John Webster (c. 1580 - 1630s)
Given the fame of The
Duchess of Malfi, astonishingly little is known of the life of its author.
Neither the place or the date of his birth or death are known and virtually
nothing of what happened between the two, except that he wrote a few plays and
collaborated in writing others. He is known for two works, The White Devil
(1612?) and The Duchess of Malfi (1613-4?).
Both plays cater to an
audience's taste for blood, violence and horror that would today be satisfied
by films such as "Dracula". Their stories come from Italian novellas
inspired by actual incidents. The plays portray incest, adultery, murder,
employing various methods of killing; the overall atmosphere is sombre yet the
main characters face death with such great dignity that simple moralistic
distinctions between right and wrong, good and evil become meaningless.
Society is portrayed as
an essentially corrupt and wicked realm in which human lives count for little
or nothing.
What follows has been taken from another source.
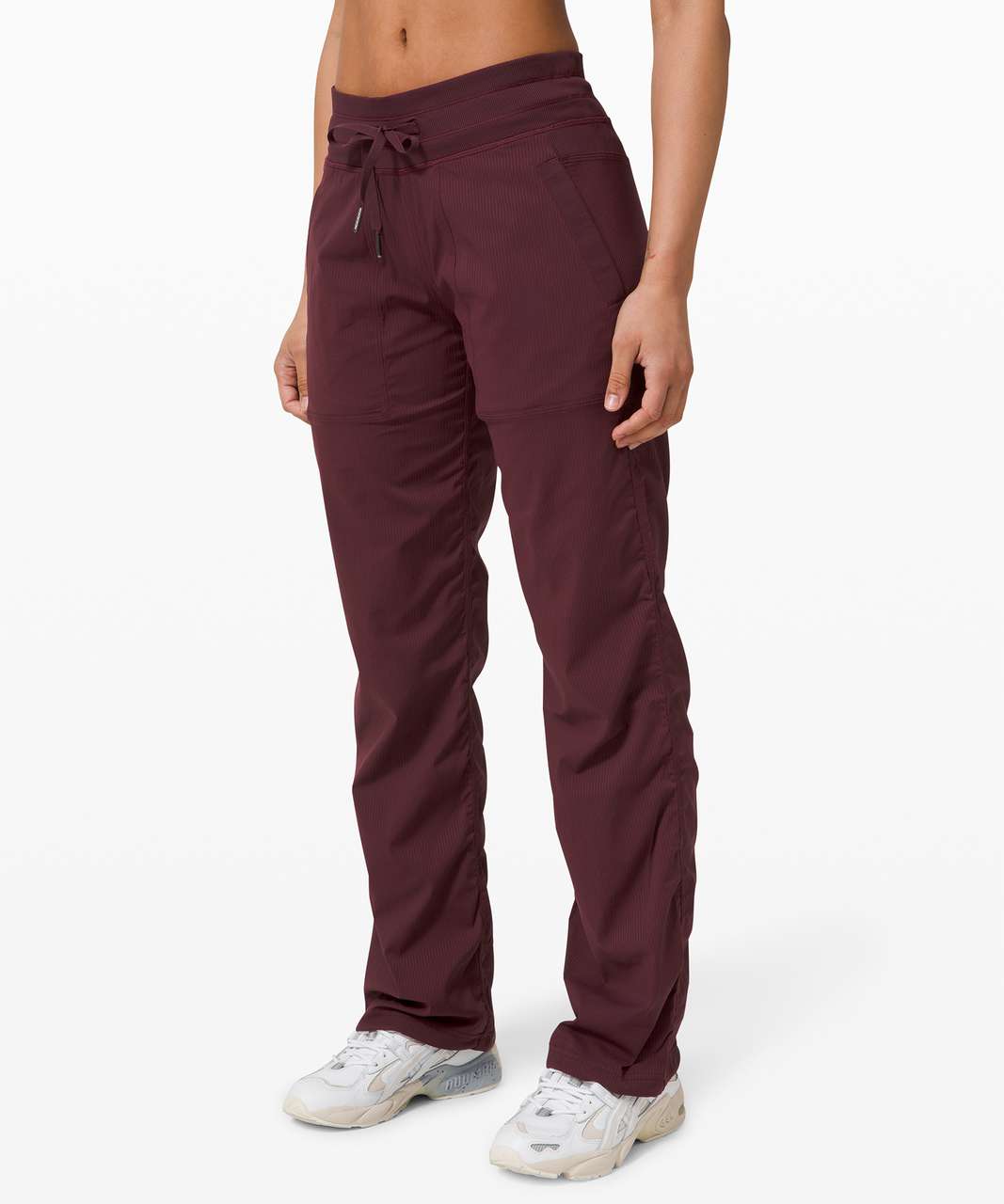 https://storage.googleapis.com/lulu-fanatics/product/54396/1280/lululemon-dance-studio-pant-iii-unlined-cassis-026950-308372.jpg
Webster epitomizes one aspect of the drama of his time, using a
language so full of echoes of earlier plays that it sometimes seems that every
line is a quotation.
John Ford (1586 - 1640)
After studying in
Oxford, Ford seems to have had a long association with the Middle Temple in
London but nothing is known about his life. He was essentially a Caroline
dramatist, there is no explanation as to why he began to write so late. It is
not possible to determine just when his plays were written and produced.
Ford seems to have
contributed the sub-plot to Dekker and Rowley's The Witch of Edmonton
(1621) but his first independent play was The Lover's Melancholy (1628),
a study of madness and despair that owed much to Ford's great interest in
Robert Burton's The Anatomy of Melancholy. All his plays show an intense
interest in abnormal psychol¡©ogy and ethical paradox
Ford's most well-known
play is the tragedy 'Tis Pity She's a Whore (c. 1630), set in Italy, in
which the tragic characters on which the play focusses are a brother and sister
guilty of incest. The impossibility and yet beauty of their relationship is
delicately handled. The Broken Heart has a similar subtlety of
psychology but a weaker plot with more sensational effects of violence and
death.
It is rather surprising
to find Ford as the author of one of the last chronicle plays. Perkin
Warbeck follows the career of a pretender to the throne of England in the
reign of Henry VII who attempts an invasion and is finally executed. Ford makes
the play more interesting by showing us a Warbeck convinced that he has a right
to the throne, hence the victim of a delusion, whereas in history he seems to
have been a mere imposter.
James Shirley (1596 - 1666)
It is hard to understand
the neglect into which Shirley has fallen. He wrote as many plays as
Shakespeare and was also a talented poet, writing lyrics and a short epic. He
was born in London, studied at Cambridge, became a priest but joined the
Catholic Church in about 1625. He was also a school master for a time. After
that he settled in London, began to write plays, and was associated with the
court. He was one of the rare Caroline dramatists, writing for companies in
Dublin as well as in London. He fought on the royalist side during the Civil
War, had his poems published in 1646 by Humphrey Moseley (like so many others),
survived during the Commonwealth by teaching, and lived to see the Restoration.
His plays include
multi-plotted romantic comedies like Hyde Park (1632) set in London with
"realistic" touches and lively characters, tragi-comedies like The
Young Admiral (1633) with complex plots where honor brings people into
terrible dilemmas but all ends well, and tragedies like The Politician
(1639?) or The Cardinal (1641) in which polarized qualities of good and
evil confront one another.
Sir William Davenant (1606 - 1688)
Born in Oxford, Davenant
(also written D'Avenant) was sometimes said to have been Shakespeare's bastard,
the result of a visit by Shakespeare to Oxford. He served Fulke Greville, Lord
Brooke, who in youth had been Sir Philip Sidney's friend and biographer for a
time, then during the 1620s began to write masques for the court, and plays.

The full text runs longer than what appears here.